12 settembre 2026 · 6 min di lettura
Quanto costa davvero un dipendente nella ristorazione?
Retribuzione, contributi, turni e costi indiretti: una lettura pratica per capire il costo reale del personale.

Il costo non è solo in busta paga
Quando si valuta il costo di una persona in sala o in cucina, la retribuzione lorda è solo il punto di partenza. Contributi, ratei, ferie, permessi, tredicesima, quattordicesima quando prevista e TFR costruiscono il costo aziendale effettivo.
A questi elementi si aggiungono costi meno evidenti: ore di coordinamento, sostituzioni improvvise, formazione e inefficienze create da una pianificazione poco chiara.
Partire dalle ore realmente necessarie
Una buona gestione del personale ristorante comincia dal fabbisogno. Analizza coperti previsti, picchi settimanali, stagionalità ed eventi. Solo dopo assegna le persone e confronta ore pianificate e ore effettive.

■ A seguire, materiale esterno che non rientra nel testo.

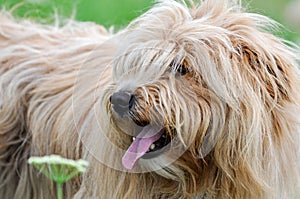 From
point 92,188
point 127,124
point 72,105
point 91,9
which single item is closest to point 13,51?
point 72,105

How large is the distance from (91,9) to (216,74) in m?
4.69

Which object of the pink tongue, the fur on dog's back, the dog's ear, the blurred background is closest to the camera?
the pink tongue

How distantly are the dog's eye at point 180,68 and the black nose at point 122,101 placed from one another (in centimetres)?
29

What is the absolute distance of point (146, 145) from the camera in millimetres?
4793

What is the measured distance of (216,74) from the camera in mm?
4793

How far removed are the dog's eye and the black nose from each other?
29cm

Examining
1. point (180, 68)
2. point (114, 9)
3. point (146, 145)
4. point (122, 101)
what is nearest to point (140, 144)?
point (146, 145)

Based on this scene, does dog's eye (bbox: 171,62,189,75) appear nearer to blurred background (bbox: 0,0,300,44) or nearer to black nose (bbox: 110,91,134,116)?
black nose (bbox: 110,91,134,116)

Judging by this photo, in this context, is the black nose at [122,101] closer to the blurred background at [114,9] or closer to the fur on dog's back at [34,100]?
the fur on dog's back at [34,100]

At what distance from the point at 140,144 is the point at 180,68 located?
0.40m

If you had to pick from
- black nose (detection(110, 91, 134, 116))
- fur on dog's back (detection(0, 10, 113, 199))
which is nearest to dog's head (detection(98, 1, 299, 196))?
black nose (detection(110, 91, 134, 116))

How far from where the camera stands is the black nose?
461cm

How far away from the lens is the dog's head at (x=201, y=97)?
4.69 m

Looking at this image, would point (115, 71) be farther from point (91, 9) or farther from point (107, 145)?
point (91, 9) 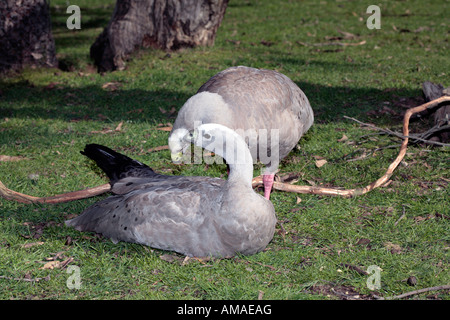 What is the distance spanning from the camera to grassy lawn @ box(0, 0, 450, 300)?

Rendere il dato utilizzabile
Il dato utile non è quello raccolto a fine mese, ma quello che aiuta a correggere il turno successivo. Uno strumento come UnoStaff riunisce pianificazione, presenze, documenti e scadenze per rendere visibile il costo organizzativo prima che diventi un problema.
Tre controlli da introdurre subito
- Confronta ore pianificate ed effettive ogni settimana.
- Registra assenze e sostituzioni nello stesso flusso.
- Collega il costo del personale ai giorni e ai servizi più intensi.
La tecnologia non sostituisce le decisioni: restituisce informazioni ordinate per prenderle meglio.